» **Dataset content**

* * * * * * * * *

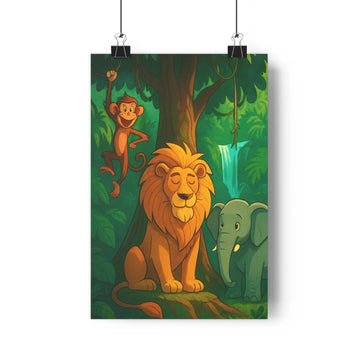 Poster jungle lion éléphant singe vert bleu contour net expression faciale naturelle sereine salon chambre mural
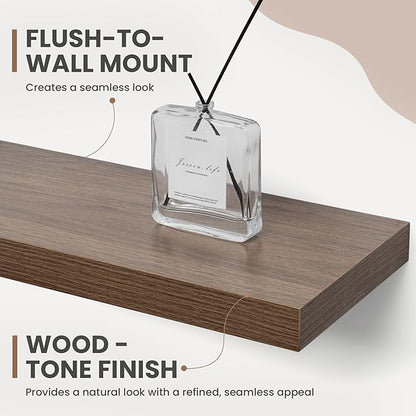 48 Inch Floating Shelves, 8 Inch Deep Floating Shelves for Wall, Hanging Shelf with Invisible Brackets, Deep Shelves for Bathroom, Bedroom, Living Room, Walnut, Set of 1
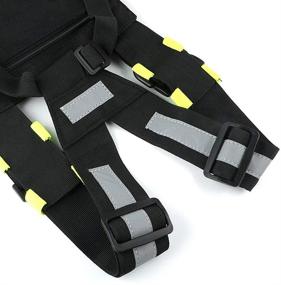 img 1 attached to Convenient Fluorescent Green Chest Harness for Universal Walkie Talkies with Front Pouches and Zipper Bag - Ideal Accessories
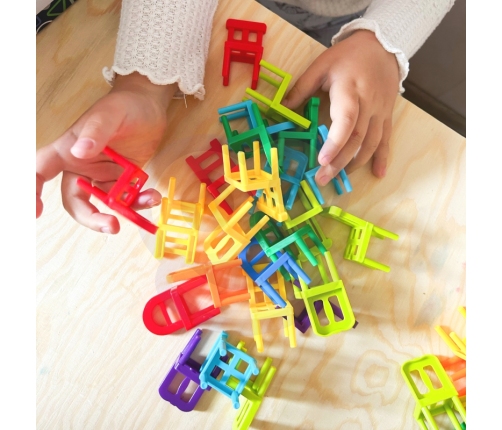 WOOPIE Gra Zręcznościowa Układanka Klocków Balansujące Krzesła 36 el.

* * * * * * * * *

» **Assignment**
When you reproduce the material, keep every word exact and leave each picture out.

» **Exercise answer**
 Poster jungle lion éléphant singe vert bleu contour net expression faciale naturelle sereine salon chambre mural
 48 Inch Floating Shelves, 8 Inch Deep Floating Shelves for Wall, Hanging Shelf with Invisible Brackets, Deep Shelves for Bathroom, Bedroom, Living Room, Walnut, Set of 1
 img 1 attached to Convenient Fluorescent Green Chest Harness for Universal Walkie Talkies with Front Pouches and Zipper Bag - Ideal Accessories
 WOOPIE Gra Zręcznościowa Układanka Klocków Balansujące Krzesła 36 el.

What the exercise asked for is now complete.